The General Data Protection Regulation (GDPR) came into force on 25th May 2018. The good news is that data privacy principles remain the same. The challenge is that there are many more requirements under this regulation which companies must adhere to. Many of the new requirements focus on data security aspects. D4n6 is best placed to provide various services in this respect by combining its information security and legal expertise under one roof.
ARE YOU LOOKING TO STRENGTHEN YOUR PROCESSING SECURITY OR ASSESSING YOUR COMPLIANCE WITH THE GDPR? FIND OUT HOW WE CAN ASSIST YOU.
Compliance with GDPR involves various elements. We have set up a streamlined system from data analysis to training to cover all your possible needs. If you are looking for a one-stop-shop to ensure your compliance with GDPR we can help.
We customise our compliance programme depending on the size of your organisation. Our services include:
- data gathering and assessment;
- policy drafting and review;
- security process analysis;
- advisory on various privacy aspects and data subject rights;
- language simplification of client-facing documents;
- training sessions and awareness campaigns;
Security of Processing
A guiding principle in GDPR is that data privacy should be ‘by design and default‘. This applies to technical and organisational measures. So each time you handle people’s personal data e.g. of employees or clients, you need to make sure that data protection is factored in.

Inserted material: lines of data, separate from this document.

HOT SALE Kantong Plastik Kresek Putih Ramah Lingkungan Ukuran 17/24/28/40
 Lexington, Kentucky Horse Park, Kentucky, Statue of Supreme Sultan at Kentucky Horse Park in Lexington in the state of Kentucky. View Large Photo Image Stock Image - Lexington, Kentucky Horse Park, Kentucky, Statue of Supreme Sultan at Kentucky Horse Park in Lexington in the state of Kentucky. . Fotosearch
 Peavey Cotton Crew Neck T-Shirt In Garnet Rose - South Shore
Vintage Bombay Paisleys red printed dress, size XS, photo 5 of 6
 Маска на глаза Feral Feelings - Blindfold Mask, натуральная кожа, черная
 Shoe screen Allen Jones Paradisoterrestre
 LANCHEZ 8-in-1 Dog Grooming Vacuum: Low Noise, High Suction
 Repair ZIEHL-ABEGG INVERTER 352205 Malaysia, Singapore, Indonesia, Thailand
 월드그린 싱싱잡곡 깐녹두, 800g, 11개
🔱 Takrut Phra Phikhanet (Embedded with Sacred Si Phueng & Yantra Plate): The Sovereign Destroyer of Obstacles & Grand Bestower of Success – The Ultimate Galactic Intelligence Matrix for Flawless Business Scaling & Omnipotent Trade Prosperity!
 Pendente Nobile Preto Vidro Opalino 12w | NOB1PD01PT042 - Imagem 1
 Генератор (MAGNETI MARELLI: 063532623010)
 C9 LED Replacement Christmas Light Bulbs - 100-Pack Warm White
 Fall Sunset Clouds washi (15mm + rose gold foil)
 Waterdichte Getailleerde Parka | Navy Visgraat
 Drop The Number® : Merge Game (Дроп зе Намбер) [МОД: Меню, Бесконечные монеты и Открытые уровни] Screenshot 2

All processing must adhere to the principles of data protection. For instance, do you know when to encrypt, pseudonymise or anonymise data? Moreover, unless you have a good reason to do so, data that you no longer need, should be deleted.
All data should be kept securely and for this ideally you should have a strong information security policy to cover processing of data, whether it is stored in a physical or digital location.
D4n6 can take you through this whole process and guide you to set up the security requirements which work for you and which ensure that your data is properly protected.
Handling Personal Data Breaches
In the event of a data breach, if personal data is exposed, you have 72 hours within which to notify the supervisory authority. In Malta, this would be the Office of the Information and Data Protection Commissioner (IDPC).
Apart from notifying the authorities, you are also requested to communicate the data breach to the data subjects without delay. This only applies if the data breach can put the data subject at risk. If for instance, the data stolen is encrypted, this requirement would not apply.
In most cases however, to be sure whether a data breach has occurred, one would need to analyse the data first. Suspicion of a breach alone does not trigger the notification process. This is where D4n6 can come into play and assist organisations with assessing the facts of the data breach and whether such occurred in the first place.
Moreover D4n6 can help you protect against any future breaches by advising on the right information security posture required to minimise such risks.
Data Protection Impact Assessments
Conducting an impact assessment is a way to help you understand how your product or service could affect customer data. Once you carry out the exercise you can identify any risks in your processes. In doing so, you can then plan how to counter-act those risks (data privacy by design) before launching your product or service.
GDPR requires that an organisation carries out this kind of analysis whenever there is a high risk that customer’s rights and freedoms can be affected.
We can assist you in carrying out such assessments and also train you to be self-sufficient in carrying out these tasks on an ongoing basis.